Состав со скрежетом остановился. Снаружи слышались обычные звуки: беготня, мат, звяканье жестяной посуды; наконец тяжелая дверь дернулась и поехала в сторону, в щель ворвался холодный воздух; внизу, возле рельсов, стоял белокурый солдат с автоматом, следя, не собирается ли кто-нибудь из пленных, воспользовавшись суетой, выпрыгнуть из вагона.

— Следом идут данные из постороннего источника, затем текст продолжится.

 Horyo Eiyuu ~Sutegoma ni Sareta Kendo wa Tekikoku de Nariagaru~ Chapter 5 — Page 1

Хуго Шелл, оказавшийся как раз напротив охранника с автоматом и его напарников, гремящих посудой, выкрикнул прямо в утренний воздух:
— Товарищ! Ур-а-а! Иосиф Виссарионович Сталин!
Охрана с недоумением уставилась на вагон, откуда спустя мгновение могучим, плотным, словно чугун, сгустком вырвалось громовое «ур-а-а». Шестьдесят глоток повторили возглас шпагоглотателя. Поезд стоял на перегоне. Мощный хор голосов сразу наполнил испещренное пятнами снега огромное поле. В вагоне не было никого, кто бы уклонился, промолчал. На завтрак мы получили двойную порцию хлеба, на обед — фасоль с картошкой и с большими жирными ошметками мяса.

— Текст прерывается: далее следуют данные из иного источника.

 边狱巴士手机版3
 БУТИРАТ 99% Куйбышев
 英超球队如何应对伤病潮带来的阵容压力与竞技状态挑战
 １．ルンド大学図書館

Через шесть дней неспешного путешествия мы наконец прибыли в лагерь. Спустя сутки стало известно: в третьем бараке с утра будет отбор артистов. Весть принес венгр, щуплый лейтенант в очках. Когда я назвал ему свое имя, холодный взгляд его быстро сверкнул под стеклами.
— Я читал два твоих стихотворения в «Венгерской звезде». Считаю, ты поэт талантливый, — тихо, беспрекословным тоном сказал он.
— Я не поэт, — растерянно взглянул я на него, не зная, в какой степени можно доверять незнакомому человеку.
— Разве не ты написал стихи, о которых я говорю?
— Ну, я. Иногда случается сочинять между делом. Я был актером, но несколько лет как бросил это занятие, работал расчетчиком на заводе у Ганца[7].
— Хорошо, при отборе на всякий случай скажи, что актер. Петь умеешь?
— Нет.
— Тогда нелегко тебе будет.
— Я хочу собрать театральную труппу. Несколько человек у меня уже есть.
— Приводи их с собой.
— Прости, но сам-то ты — кто? Я твое имя не разобрал.
— Геза Торда, лейтенант.
— Ты писатель?
Он рассмеялся. Смех был холодноватым и резким, как блеск его слов.
— Хотел им стать. Написал несколько книг, да вот мерзавцы забрали в армию. Сейчас я редактор венгерской газеты, живу в пятом бараке, работаю пропагандистом. Располагаю властью. Не такой, как у Черчилля в Англии, но все-таки большей, чем у Хорти во время войны.
Тут я обнаружил, что глаза у него — карие. И притом — дружелюбные и доверчивые. До тех пор они казались мне голубыми, стальными.
— Почему ты решил создавать театр? — спросил он вдруг, с прежней холодной вежливостью.
— Просто пришло в голову.
— Правильно, ты уже чувствуешь, что такое плен. В общем-то, человек здесь свободнее располагает собой, чем в обычной жизни. Я, например, никогда раньше не думал, что буду военным, а видишь, из меня сделали лейтенанта. Зато теперь я — редактор газеты. Ты тоже спеши, пользуйся возможностями, которые открывает колючая проволока.
Через час мы стояли в третьем бараке, на дощатом помосте, служившем сценой. Отборочная комиссия в составе пяти советских офицеров сидела в первом ряду и внимательно смотрела на нас. Вызывал претендентов переводчик-русин. Он устроился в зале, среди барабанов, скрипок, труб. Военные музыканты попали в плен вместе со своими инструментами.
Торда стоял в зрительном зале, сбоку в проходе; сверху, с подмостков, казалось, что он следит за событиями, вытянувшись по стойке «смирно».
Первым из нашей семерки был вызван Эрнё Дудаш, сапожник. Проворный и долговязый, он выбежал на середину сцены, изысканно поклонился и, еще не успев выпрямиться, запел. Голос изливался из его груди в каком-то невероятном объеме; он заполнял собою барак, от него дрожали стекла в узеньких окнах; казалось, он бы не уместился даже в альпийской долине. Я, не веря своим ушам, потрясенный, стоял вместе с остальными у задника, и меня словно захлестывал какой-то могучий поток. Комиссия зааплодировала, переводчик замахал: хватит, хватит. Дудаш раскланялся. Он был записан в артисты.